Adobe has accelerated its quarterly update for its Reader and Acrobat applications from the planned July 13th to today, June 29th. The reason behind the early release is a critical vulnerability announced June 4th that has been seen in the wild that could allow the program to be crashed and an attacker to take control of the system. Adobe Flash Player was patched on June 10th to address this same vulnerability.
Most users will be able to just go to Help, Check for Updates… if the auto-update system doesn’t already prompt you to grab the latest version. If you’re deploying over group policy, you’ll want to use this sequence to patch the respective applications:
Adobe Acrobat: 9.0 -> 9.1 -> 9.1.2 -> 9.2 -> 9.3 -> 9.3.2 -> 9.3.3
Adobe Reader: 9.3 -> 9.3.2 -> 9.3.3
You can then follow the instructions I’ve published previously for deploying Adobe Acrobat 9.3.2 via group policy.
You can learn more about what this update includes by reading the related Security bulletin Adobe has published, including the 17 vulnerabilities that are patched with this update. For more information about other changes related to Adobe Reader and Acrobat, you can read the latest blog article at the Adobe Reader blog. Most interesting to me, is this little bit:
Adobe Download Center Changes are Coming
In the past, we delivered Adobe Reader updates as full installers or patches (for instance, 9.x = full installer, 9.x.y = patch).
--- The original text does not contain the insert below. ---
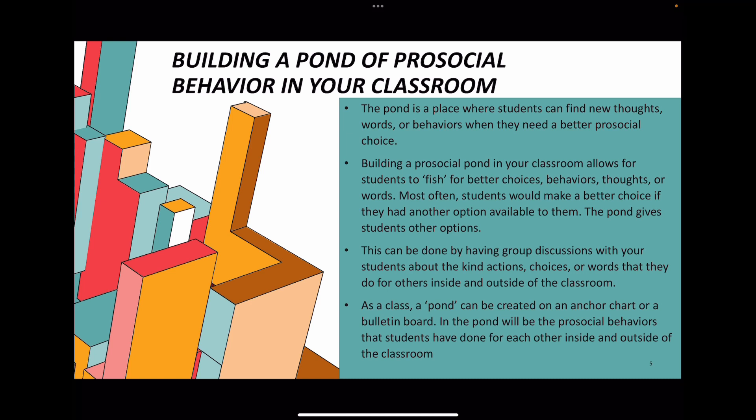Creating a pond can be done by having group discussions with your students about the kind actions, choices, or words that they can do for others inside and outside of the classroom. As a class, the pond can be created on an anchor chart or a bulletin board, and in the pond will be those pro-social behaviors that students have done for each other.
The Adobe Reader Download Center at http://get.adobe.com/reader always offers the most recent full installer of Adobe Reader, which is currently Adobe Reader 9.3. After installation, the Adobe Reader Updater will automatically check and offer the latest patches to keep end-users up-to-date (as of today, the latest patch is Adobe Reader 9.3.3).We have been working on a new method of always offering the latest version, whether they be full installers or patches, of our most popular language/platform pairs on the Adobe Download Center. This change will make its debut as scheduled on July 13, 2010 (by offering Adobe Reader 9.3.3 for installation) and will become a standard operating procedure going forward. In addition, as always, the Adobe Reader Updater will continue to automatically check for new updates, or users can force an update to happen by selecting > Help > Check for Updates from the Adobe Reader menu.
Hopefully this will include offering the minor version as full .msi files for those of us needing to deploy the software but all around this is a good change. Instead of downloading, installing, and being nagged to update as soon as you start it up, you should be running the latest version after your install the application.
Another good job by Adobe getting the patches out there as soon as possible and ahead of schedule in response to vulnerabilities being exploited in the wild. I encourage you to update today if you’re using Adobe Reader or Acrobat.